*SUPPLIED MATERIAL*
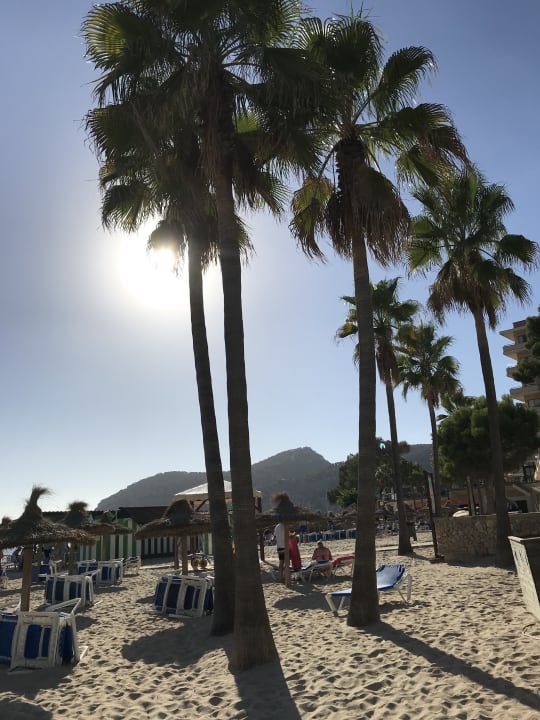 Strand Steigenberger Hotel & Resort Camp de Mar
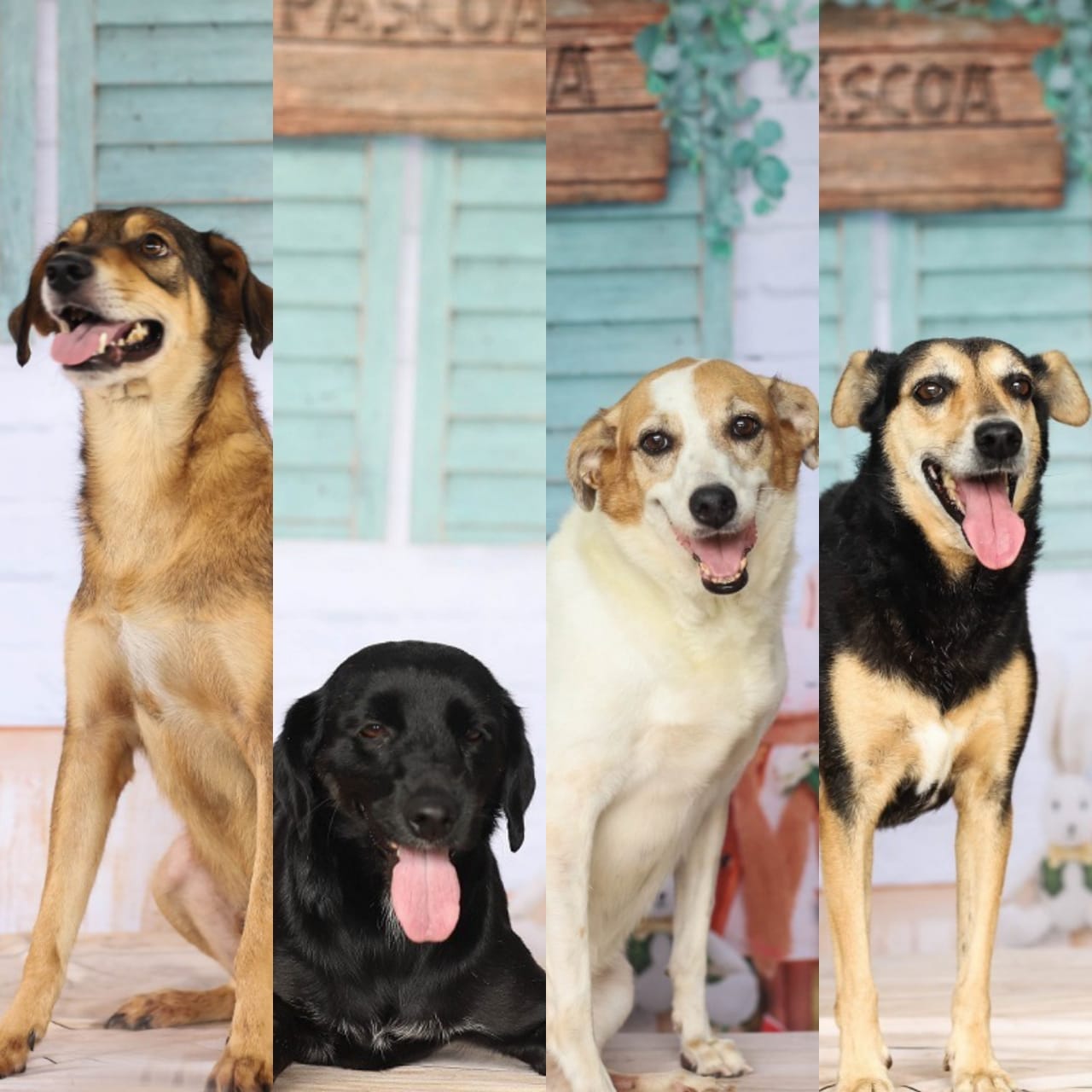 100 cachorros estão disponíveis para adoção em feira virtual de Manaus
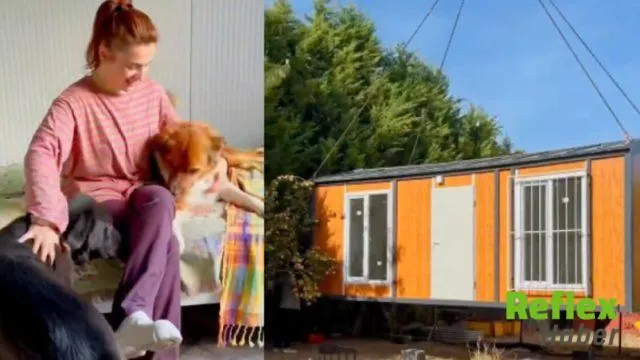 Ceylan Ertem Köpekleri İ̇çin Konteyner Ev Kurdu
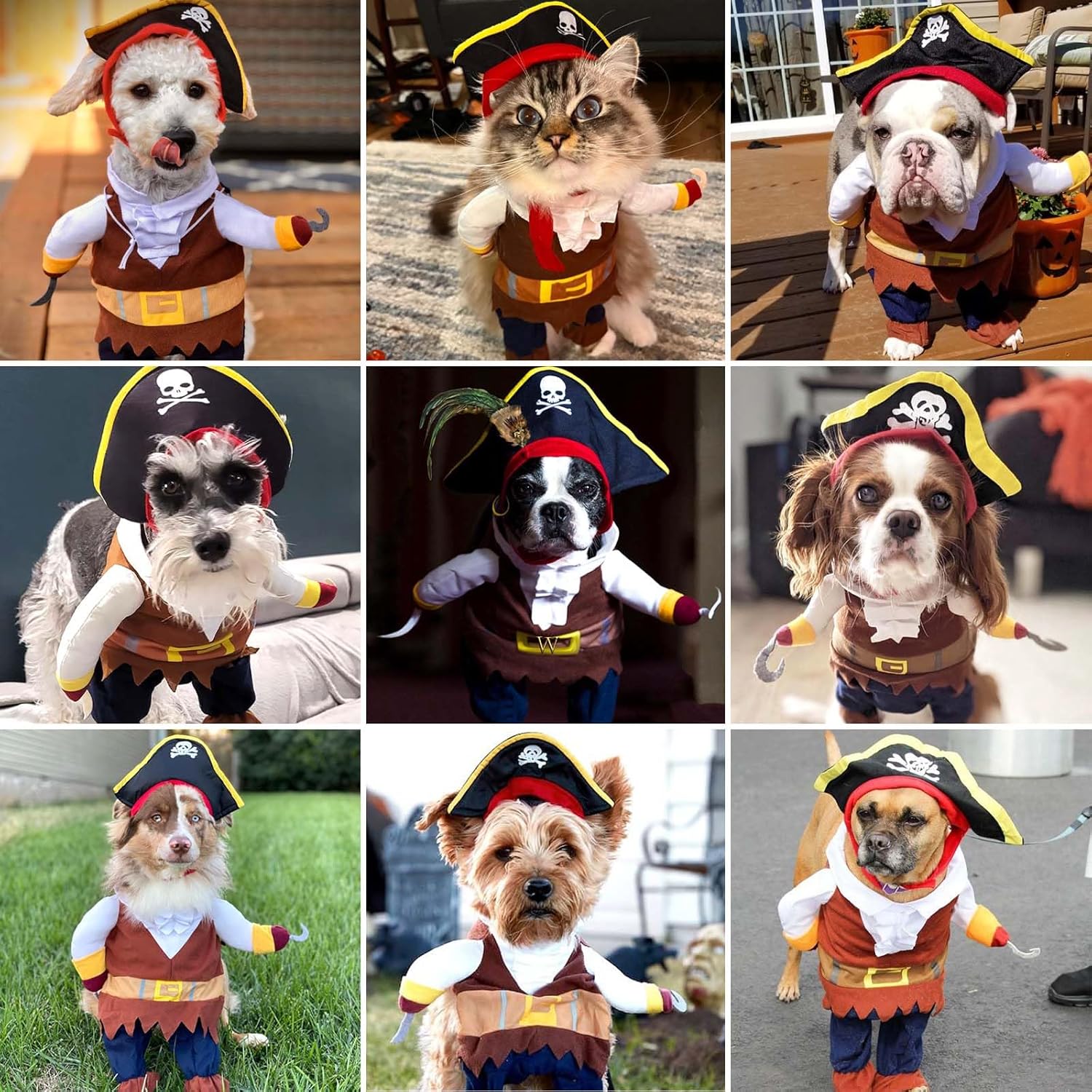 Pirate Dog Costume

*WHAT TO WORK ON*
Reproduce each line above precisely, with no pictures.

*SOLUTION FOR THIS PROBLEM*
 Strand Steigenberger Hotel & Resort Camp de Mar
 100 cachorros estão disponíveis para adoção em feira virtual de Manaus
 Ceylan Ertem Köpekleri İ̇çin Konteyner Ev Kurdu
 Pirate Dog Costume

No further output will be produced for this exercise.